We found a male infant presented with severe intractable epileptic spasms. Although certain clinical features of somatic dysmorphism were noted, numerous laboratory and neuroimaging studies failed to identify the cause. To determine the underlying etiology, whole-exome sequencing was conducted. We identified a de novo heterozygous mutation, NM_206876.1: c.548A > C (p.Glu183Ala), in the PPP1CB gene. His seizures were almost refractory to conventional antiepileptic drugs but relative seizure control was eventually achieved with a ketogenic diet.
This result expands the clinical spectrum of NSLH2 and strengthens the association between the PPP1CB gene and epileptic seizures. Furthermore, we suggest that the ketogenic diet can offer seizure reduction in particular drug-resistant epilepsy syndromes. Additional studies are warranted to clarify the pathogenic mechanisms underlying this PPP1CB mutation in epileptic seizures.
PP1-beta (symbolized PPP1CB) is a catalytic subunit of protein phosphatase-1 (PP1). PP1 is one of the four major serine/threonine-specific protein phosphatases involved in the dephosphorylation of numerous proteins. These enzymes work in opposition to protein kinases, which are implicated in the regulation of cell growth, proliferation, survival, differentiation, and cytoskeletal changes, to control the level of phosphorylation . PPP1CB is expressed abundantly in the human brain and spine [2, 3].
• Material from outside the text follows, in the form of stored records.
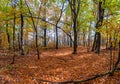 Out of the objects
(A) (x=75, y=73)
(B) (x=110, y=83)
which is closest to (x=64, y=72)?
(A) (x=75, y=73)

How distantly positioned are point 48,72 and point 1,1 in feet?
61.2

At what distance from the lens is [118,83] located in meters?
11.3

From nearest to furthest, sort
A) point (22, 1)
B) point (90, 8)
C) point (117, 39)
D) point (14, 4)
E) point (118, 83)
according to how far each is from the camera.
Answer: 1. point (118, 83)
2. point (117, 39)
3. point (14, 4)
4. point (22, 1)
5. point (90, 8)

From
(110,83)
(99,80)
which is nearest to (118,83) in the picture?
(110,83)

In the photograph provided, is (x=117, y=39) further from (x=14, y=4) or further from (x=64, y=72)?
(x=14, y=4)

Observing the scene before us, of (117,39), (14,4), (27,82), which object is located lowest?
(27,82)

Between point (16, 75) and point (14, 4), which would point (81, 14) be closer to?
point (14, 4)

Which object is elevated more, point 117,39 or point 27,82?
point 117,39

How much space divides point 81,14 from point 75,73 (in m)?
25.6

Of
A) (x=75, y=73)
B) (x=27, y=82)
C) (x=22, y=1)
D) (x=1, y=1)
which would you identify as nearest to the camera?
(x=27, y=82)

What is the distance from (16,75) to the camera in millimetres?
13719

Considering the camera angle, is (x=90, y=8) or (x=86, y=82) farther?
(x=90, y=8)

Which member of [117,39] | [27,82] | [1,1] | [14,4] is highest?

In 2014, Hamdan et al. reported a patient with a de novo 1-bp insertion in the PPP1CB gene (c.909dupA: p.Tyr450Ilefs*92), which was predicted to cause a frameshift mutation and premature termination codon. The patient’s clinical features included severe intellectual disability, short stature, relative macrocephaly, large mouth, malar hypoplasia, and mildly increased cerebral spinal fluid spaces . Subsequently, Gripp et al. and Ma et al. have respectively studied four and eight unrelated patients with mutations in the PPP1CB gene. All these patients exhibited relative or absolute macrocephaly, prominent forehead, low-set and posteriorly rotated ears, and developmental delay, as well as slow-growing, sparse, or unruly hair [3, 5]. The PPP1CB gene has been associated with Noonan syndrome-like disorder with loose anagen hair syndrome (NSLH2).
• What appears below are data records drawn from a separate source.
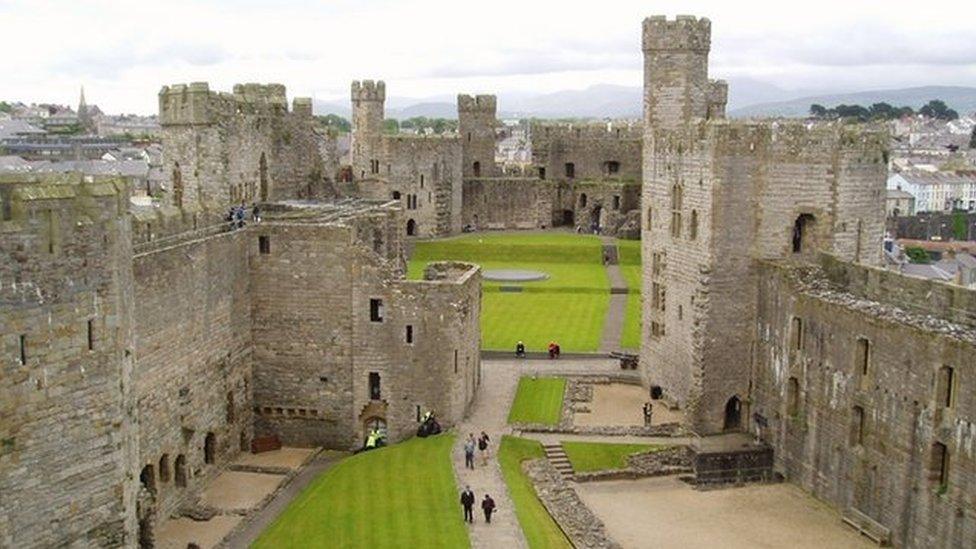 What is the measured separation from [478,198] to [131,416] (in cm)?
6552

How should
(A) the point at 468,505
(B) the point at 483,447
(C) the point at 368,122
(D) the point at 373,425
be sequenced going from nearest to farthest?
(A) the point at 468,505 → (B) the point at 483,447 → (D) the point at 373,425 → (C) the point at 368,122

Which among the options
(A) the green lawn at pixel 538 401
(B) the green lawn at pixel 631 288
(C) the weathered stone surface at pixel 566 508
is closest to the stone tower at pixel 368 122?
(B) the green lawn at pixel 631 288

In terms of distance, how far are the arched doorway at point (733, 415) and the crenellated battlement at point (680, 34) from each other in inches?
537

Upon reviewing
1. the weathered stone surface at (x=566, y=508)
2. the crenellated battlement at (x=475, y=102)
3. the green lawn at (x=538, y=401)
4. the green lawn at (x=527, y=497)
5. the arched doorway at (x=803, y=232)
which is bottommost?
the weathered stone surface at (x=566, y=508)

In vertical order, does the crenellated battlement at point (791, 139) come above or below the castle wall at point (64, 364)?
above

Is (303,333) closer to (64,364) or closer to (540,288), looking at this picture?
(64,364)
Herein, we report a male infant with a PPP1CB mutation who presented not only with typical clinical features of NSLH2 but also epileptic spasms that were almost refractory to conventional antiepileptic drugs (AEDs). Eventually, relative seizure control was achieved through administering a ketogenic diet (KD). To the best of our knowledge, this is the first case of NSLH2 in Asia and the first case of PPP1CB-related infantile spasms. The clinical and therapeutic significance is outlined in this paper.
The proband patient was the first child of nonconsanguineous healthy parents. His mother gave birth to him at the age of 35 years without any complication. The proband was born at 39 weeks of gestation. His birth weight was 3100 g (30th percentile), his height was 49 cm (~32nd percentile), and his head circumference (HC) was 36.2 cm (90th percentile). The Apgar score was 8/10/10 at birth. The patient did not exhibit any perinatal brain injury, hypoxia, ischemia, cranial trauma, or infection of the central nervous system. Family history of complications, such as epilepsy, febrile convulsion, intellectual disability, and psychotic disorders, was also negative.
A general physical examination at 4 months revealed macrocephaly (HC: 43.5 cm, 90th percentile), prominent forehead, low-set and posteriorly rotated ears, and sparse and slow-growing hair.
His neurological and developmental examination at 4 months demonstrated poor head control, hypotonia, less eye–object pursuit, and a less pronounced smile, but cooed occasionally. A follow-up at 14 months revealed that the patient was unable to sit stably or crawl even under an intensive early intervention.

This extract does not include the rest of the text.